I think the story is intriguing in its grotesqueness which made it a more interesting read for me. This fact made me question my own morals and beliefs. It was a hard fact for me to sit with, that I liked the book. I wanted to pick it up and read it. I wanted to see what happened next. And I felt icky for encouraging the story forward despite that being the only way out.
I’ve also heard people say they felt sympathetic towards Humbert. How sad it is for a man to love a child, knowing it’s wrong but unable to restrain himself? I did not feel sympathetic towards H.H. but I did find myself wanting to understand him. And I found that I was able to do that the further into the text I ventured.
OF COURSE, I don’t support his pedophilia, let’s be clear about that. But I understand how one can become entranced by young girls who are on the precipice of maturation but still safe in their naivety. Of course, H.H. deprives Lolita of this important developmental time. I recognized that H.H. has a strong desire to protect Lolita because he has a first hand understanding of what she should be scared of. People like him. Men like him. And I feel the same sense of responsibility to protect young girls. H.H.’s lust is replaced by an inkling of envy within me. Envy for that time when I was protected from those things.
I felt connected to Lolita because I remember being 12, 13, 14 years old and feeling as though I was older than I was. I had older friends, carried myself differently than peers my age, and I felt I understood things more than the average tween. Looking back, this was all wrong. Perhaps I was focused on different things that other kids my age and perhaps there was media I consumed that made me feel older but I was not older. If an older man had approached me with romantic interest, I would have encouraged it and explored it. But, I would have had no idea what I was doing of course or the repercussions of mine or his actions. This feels obvious but I want to explain that I felt for Lolita because I remember what it was like, entering the world faster than I would have liked to, and wishing I was older than I was. Most of my childhood I spent wishing I was older, more mature, more capable, taken more seriously. And part of me felt jealous of Lolita at the beginning of the book because she was a girl just being a girl. This feeling ended of course when all of that was taken from her.

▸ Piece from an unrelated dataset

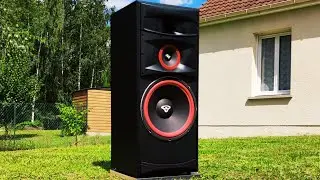 Cerwin Vega XLS 15 Hifi Nature #14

I’m still struggling to understand why I enjoyed the book. Why has the character Lolita, the idea of Lolita, become such a worldwide phenomenon? Why has she been used in research, analogies, social comparisons in our generation and the generations before us. Why do we romanticize Lolita in TikTok videos, Pinterest collages, our style, our syndromes? Why do we put her on the cover with a lollipop in her mouth or with her clothes drenched and sticking to her prepubescent body? Is romanticizing and glorifying the story the same as creating an “aesthetic” that replicates the look of a young girl? Did men create this aesthetic? Has it forever screwed our perception of what is “sexy”?
Why does the story shock, horrify, upset and entice me? Is that exactly what Nabokov wanted? Is that exactly how it feels to be Humbert Humbert?